Singpolyma

Archive of "Ruby"

Archive for the "Ruby" Category

Why is That Value False?

Posted on

This post is a response to Boolean Externalities, so you should probably read that first.

The core of this problem is a lack of combinators. In order to propogate the reason why something is falsy, you need to add a lot of logic to each method, which noises up the code considerably.

So we start with a pseudo-falsy base class for all our possible “reasons”:

class WhyFalsy
	# This is so you can convert to bool with !!
	def !@
		true
	end

	def blank?
		true
	end
end

Now we can make objects that represent particular reasons, like:

class NoConfirmedAt < WhyFalsy; end

And use them in conditionals with only a little syntax pain:

!!NoConfirmedAt.new ? "confirmed at" : "not"

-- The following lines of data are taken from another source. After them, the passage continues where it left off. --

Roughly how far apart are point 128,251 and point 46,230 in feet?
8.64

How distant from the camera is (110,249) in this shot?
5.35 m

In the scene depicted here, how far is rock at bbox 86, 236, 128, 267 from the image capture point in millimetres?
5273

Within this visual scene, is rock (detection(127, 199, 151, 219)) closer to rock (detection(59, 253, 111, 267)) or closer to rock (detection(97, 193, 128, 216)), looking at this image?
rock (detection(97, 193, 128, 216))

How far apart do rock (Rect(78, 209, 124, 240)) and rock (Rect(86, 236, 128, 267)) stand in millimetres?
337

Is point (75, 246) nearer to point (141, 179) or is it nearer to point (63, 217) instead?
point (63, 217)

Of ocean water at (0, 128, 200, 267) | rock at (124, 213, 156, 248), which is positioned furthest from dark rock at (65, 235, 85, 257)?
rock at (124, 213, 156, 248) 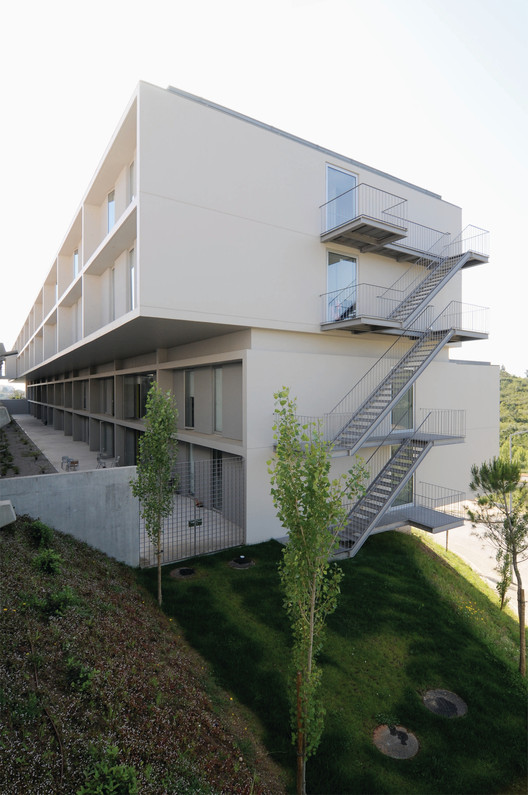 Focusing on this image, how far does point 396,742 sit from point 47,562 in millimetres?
6804

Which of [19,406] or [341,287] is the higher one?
[341,287]

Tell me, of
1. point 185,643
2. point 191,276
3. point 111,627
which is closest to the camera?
point 111,627

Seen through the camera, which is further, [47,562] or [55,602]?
[47,562]

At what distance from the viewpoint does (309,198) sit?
14844mm

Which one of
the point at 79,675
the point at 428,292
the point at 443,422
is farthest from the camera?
the point at 443,422

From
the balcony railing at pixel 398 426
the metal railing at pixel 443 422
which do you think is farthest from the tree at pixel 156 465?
the metal railing at pixel 443 422

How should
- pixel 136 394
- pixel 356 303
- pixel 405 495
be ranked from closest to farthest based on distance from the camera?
pixel 356 303 → pixel 405 495 → pixel 136 394

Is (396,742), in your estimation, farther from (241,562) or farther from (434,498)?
(434,498)

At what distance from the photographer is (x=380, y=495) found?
14523 millimetres

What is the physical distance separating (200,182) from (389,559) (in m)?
13.3

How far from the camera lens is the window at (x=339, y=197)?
1538 centimetres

Now that we have these objects, we can create methods that let us combine them without throwing away the information we care about:

class WhyFalsy
	def or
		yield
	end

	def and
		self
	end
end

class Object
	def or
		self
	end

	def and
		yield
	end
end

class FalseClass
	def or
		yield
	end

	def and
		self
	end
end

class NilClass
	def or
		yield
	end

	def and
		self
	end
end

The normal && and || operators cannot be overloaded, so we define our own very similar methods, which allow us to write code like this:

def fully_authenticated?
	authenticated_accounts?.and { verified_email? }
end

Where any pseudo-falsy reason value we bubble up will be treated the same as the actual false or nil, and any other value will be treated truthily, same as before.

What if we want to wrap the result of some existing API (or DB column) in a reason? That’s a pretty easy smart constructor:

class WhyFalsy
	def self.wrap(x)
		# The !! makes fake-falsy values (like us) work
		!!x ? x : self.new
	end
end

Now we can easily wrap any existing API:

NotFree.wrap(free?)

Developers are lazy, and especially if they’re just using this in debugging they just want to use English text, like so:

class WhyFalsy
	attr_reader :msg

	def initialize(msg=nil)
		@msg = msg
	end
end

And while all these ways to know why something is falsy are nice, it would be even nicer if we could know *where* the falsy value came from:

class WhyFalsy
	attr_reader :msg, :backtrace

	def initialize(msg=nil)
		@msg = msg

		# Hack to get a backtrace
		begin
			raise
		rescue Exception
			@backtrace = $!.backtrace
			@backtrace.shift # Remove the reference to initialize
		end
	end
end

And there you have it, a complete, workable solution for propogating the information we care about all the way up to our call site.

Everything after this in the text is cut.